Home upgrades are important for fixing up a “dated” home and adding resale value when the time comes. Old, cracked or generally unpleasant-looking driveways are one improvement people might not give much thought to, but they really should. Driveways can turn into a money pit when not laid correctly.  

Do I need a base layer?

Any building needs a steady foundation and driveways are no different. Loose soil isn’t good for a construction project. This leads to cracking, costing you more than what you were originally quoted thanks to repairs. For base layers, the soil is compacted and crushed stones spread across the surface area to stabilize the concrete when it sets.

What concrete type do I need?

Different types of concrete exist for different jobs. The concrete will need to have a high psi rating, meaning it can withstand a lot of pressure bearing down. For concrete driveways the contractor would recommend a 4000 psi mix. This blend can withstand 281 kilograms per square centimetre.

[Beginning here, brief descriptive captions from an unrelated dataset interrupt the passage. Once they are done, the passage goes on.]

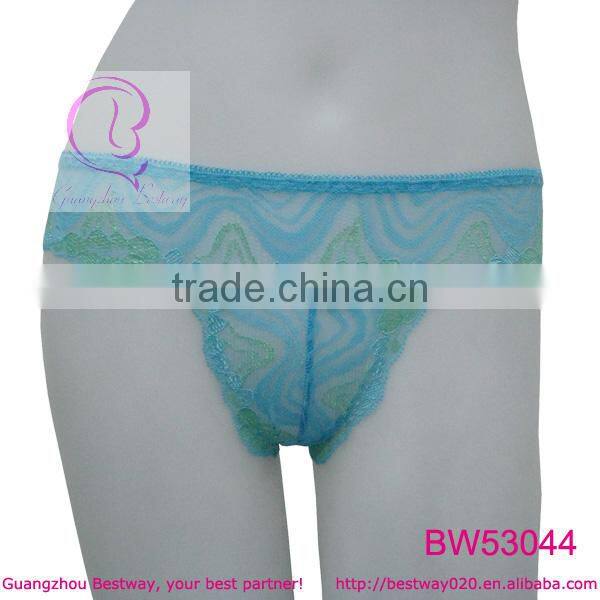 Sex hot transparent lace women underwear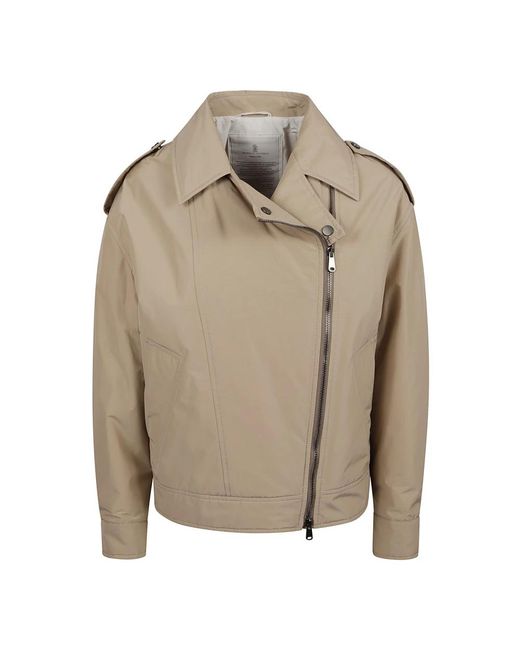 Brunello Cucinelli Natural Light Jackets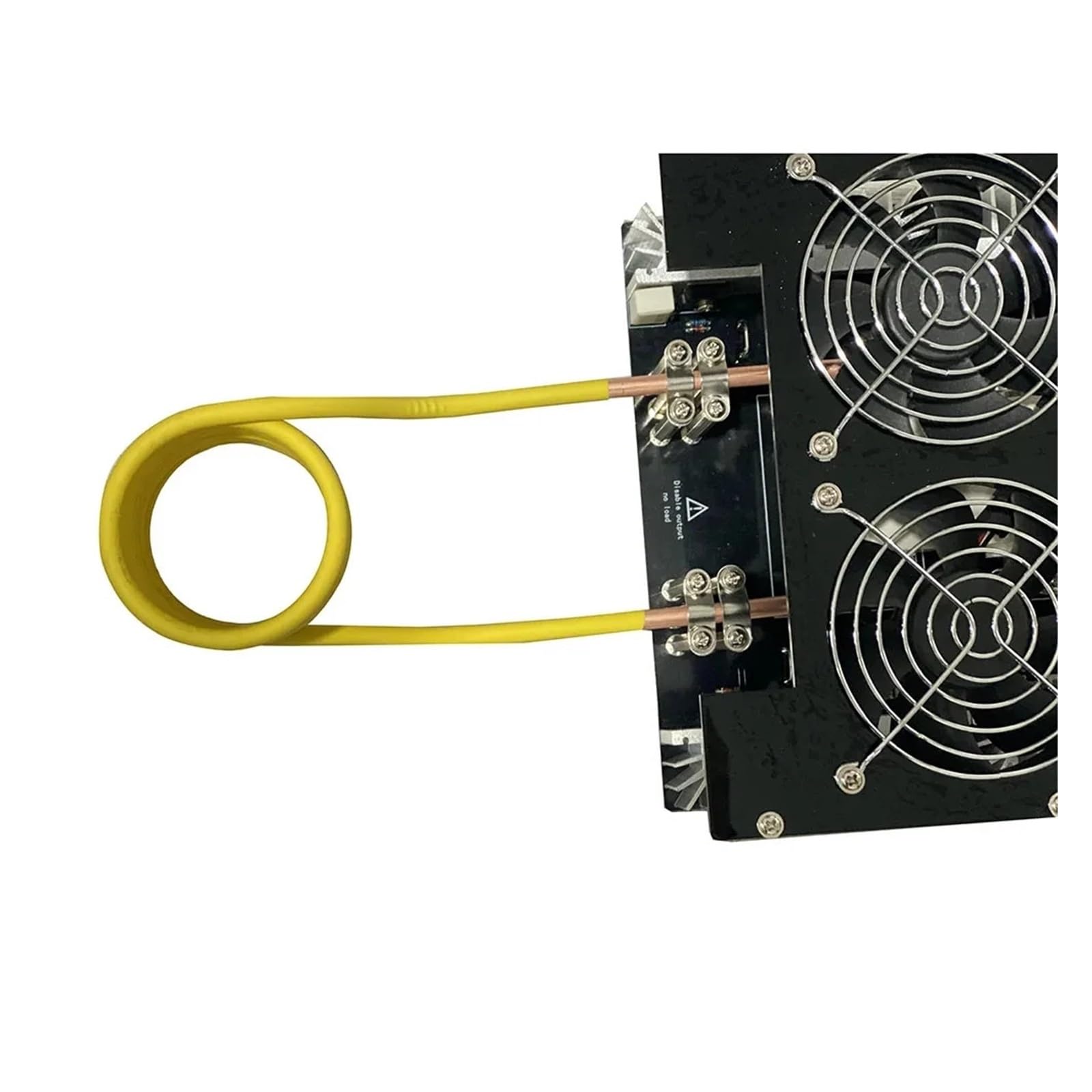 Nagrzewnica indukcyjna, 5000W ZVS nagrzewnica indukcyjna nagrzewnica indukcyjna płytka drukowana maszyna grzewcza stopiony metal + cewka + pompa + zasilacz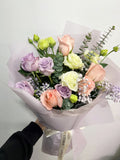 紫粉花束｜ Mix color Bouquet
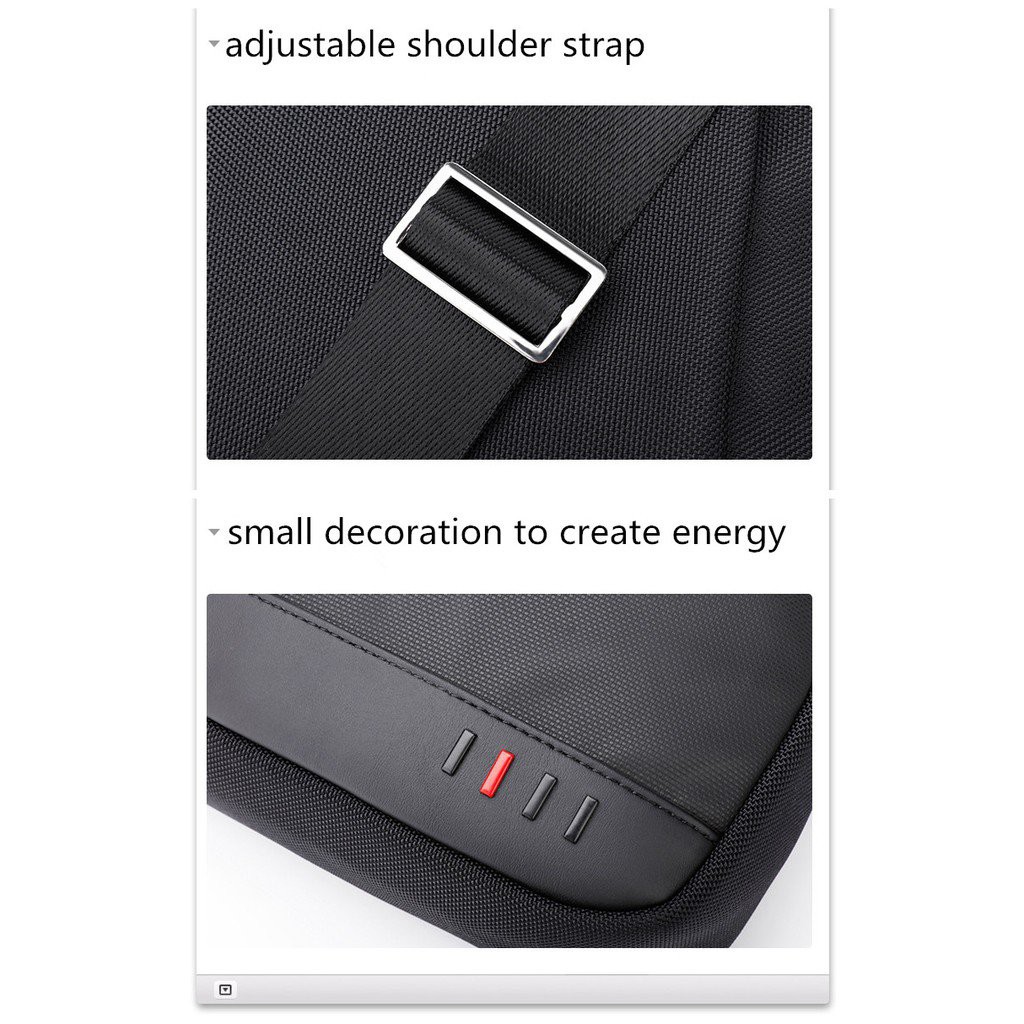 XMJc TUYI Men BagsArctic Hunter Men Messenger Bag Hot Waterproof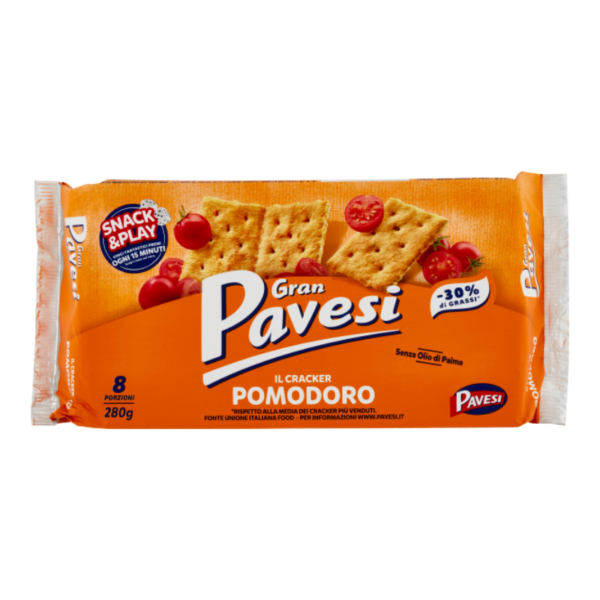 PAVESI TOMATO CRACKER 280 GR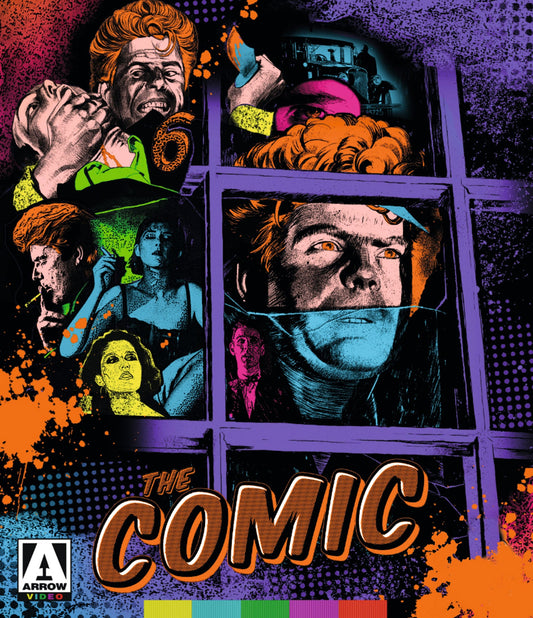 The Comic Blu Ray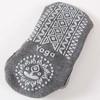 Frauen Yoga Anti-Rutsch-Socken Damen Belüftung Ballett Tanz Gym Fitness Pilates Baumwollsocken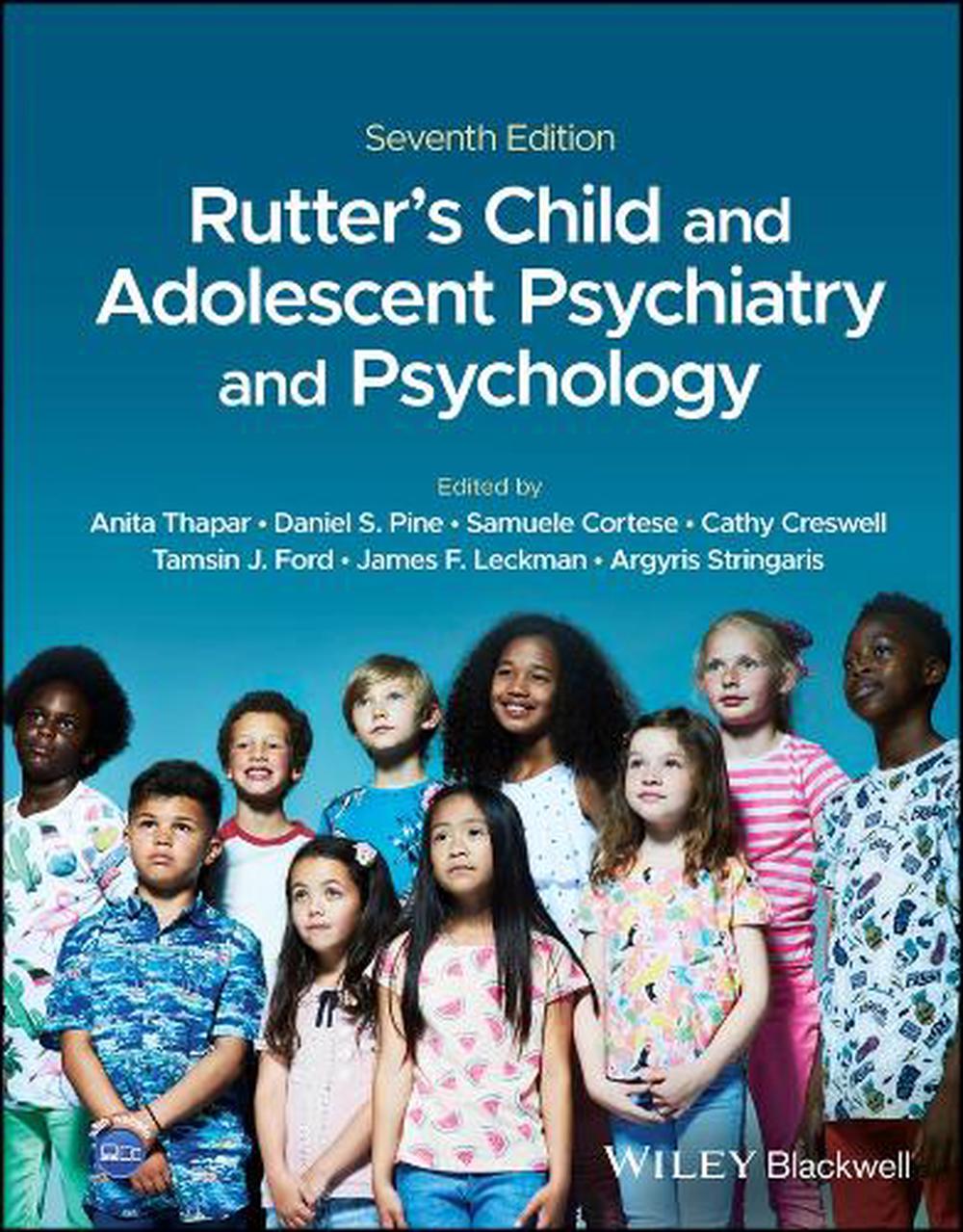 Rutter's Child and Adolescent Psychiatry and Psychology, 9781119906063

Should I seal the driveway?

You can’t just have the driveway laid and leave it at that. Nature and lifestyle need consideration. Cars leak grease, things get dropped or splashed, and there are forces of nature to contend with. A penetrative sealant will protect the driveway from these, plus moisture absorption.

What’s the warranty?

Good contractors will have workmanship warranties that last for a year or more. If a contractor lacks a policy, it’s best to look elsewhere. Ask for a copy of the warranty to check what’s covered so that you’ll get the best value for money. Good contractors will take responsibility for their work during and after construction. This way if accidents happen, you won’t be out of pocket.

When can you start?

Of course contractors have slow periods, but if it’s perpetual then there’s a problem. One way workers get found is through word of mouth, and when they have a lot of recommendations they’ll be busy. If you sign with a reputable contractor, they might not be able to start work straight away. However, they’ll do their best to get to you as quick as they can.